SEOUL (Reuters) - North Korea put two U.S. journalists on trial on Thursday on charges of illegally entering the state with "hostile intent," in a case that could worsen tension with Washington after Pyongyang's nuclear test last week.
The journalists, Euna Lee and Laura Ling of the U.S. media outlet Current TV, were arrested in March near the border between China and North Korea while working on a story. The TV network was co-founded by former U.S. Vice President Al Gore.
North Korea's KCNA news agency said in a one-sentence dispatch that the trial would begin at 0600 GMT (3 p.m. local time) at one of the country's highest courts.
Experts say the pair could face a sentence of 10 years or more of hard labor in the reclusive state. They add a guilty verdict is almost certain in a North Korean justice system that protects the unquestioned rule of leader Kim Jong-il.
Analysts said the two had become bargaining chips in high-stakes negotiations with the United States, which has long sought to end the North's nuclear ambitions.
"The country is being very careful in dealing with the two U.S. citizens and is aware of international attention and the implications of the case," said Park Jeong-woo, a law professor at Kookmin University and an expert in the North's legal system.
In a separate incident that increased tensions with its neighbor, a North Korean patrol boat briefly crossed a disputed maritime border with South Korea but retreated after a warning, the Yonhap news agency quoted the South's office of the Joint Chiefs of Staff as saying.
North Korea also appears ready to raise tension through tests of a long-range missile that could reach U.S. territory and of mid-range missiles that can hit all of South Korea and most of Japan.
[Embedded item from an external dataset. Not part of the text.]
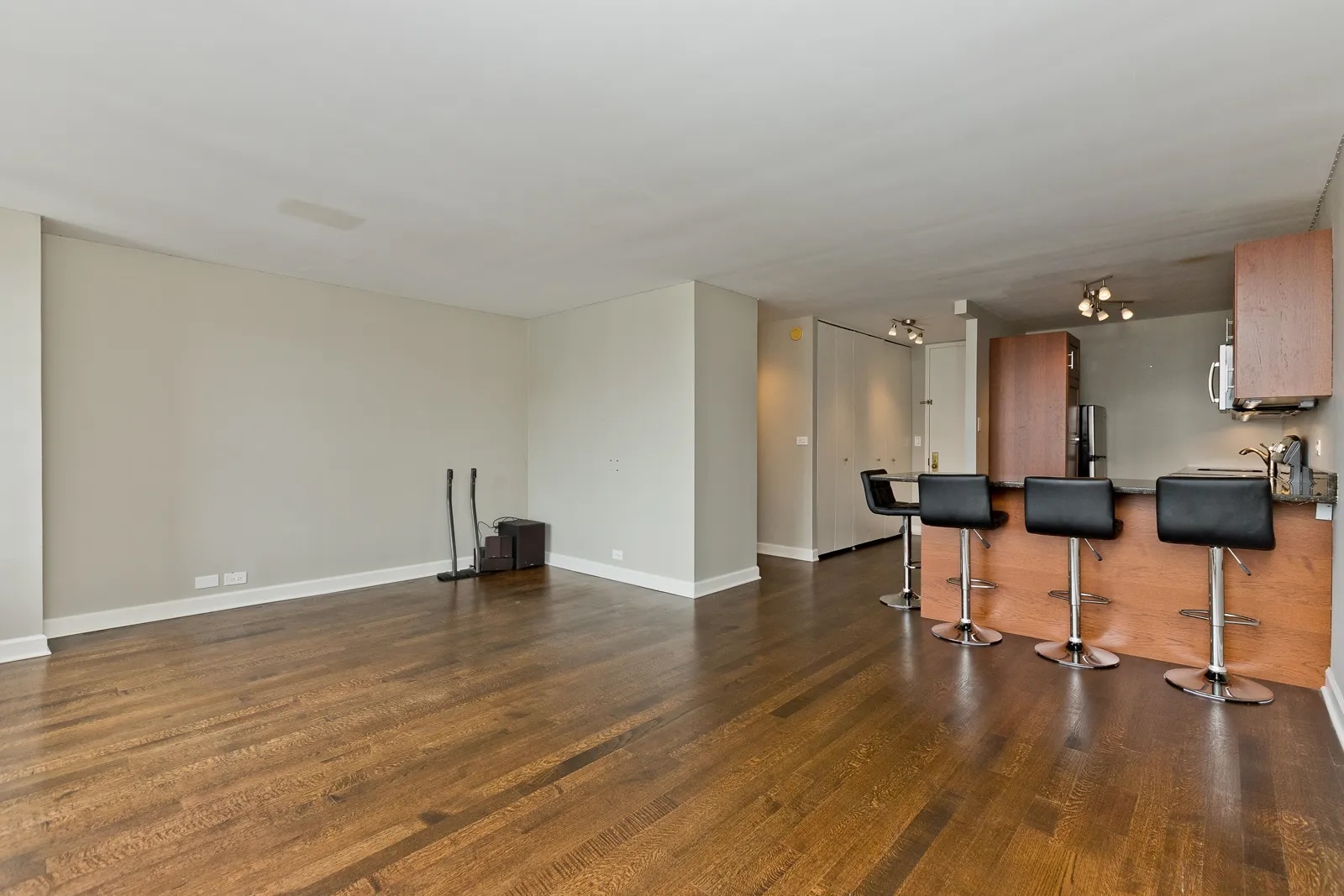 655 West Irving Park Road, Unit 811 Chicago, IL 60613 - Photo 7 of 10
The North was punished by the United Nations for an April rocket launch, seen as a disguised missile test.
Deputy U.S. Secretary of State James Steinberg said after meeting South Korean President Lee Myung-bak that Washington would not repeat a previous mistake of rewarding the North with negotiations for making provocations.
Pyongyang also needed to realize that China, the closest North Korea can claim as a major ally, had been shifting from its previous reluctance to join international censure of the North's nuclear and missile tests, Steinberg said in comments provided by Lee's office.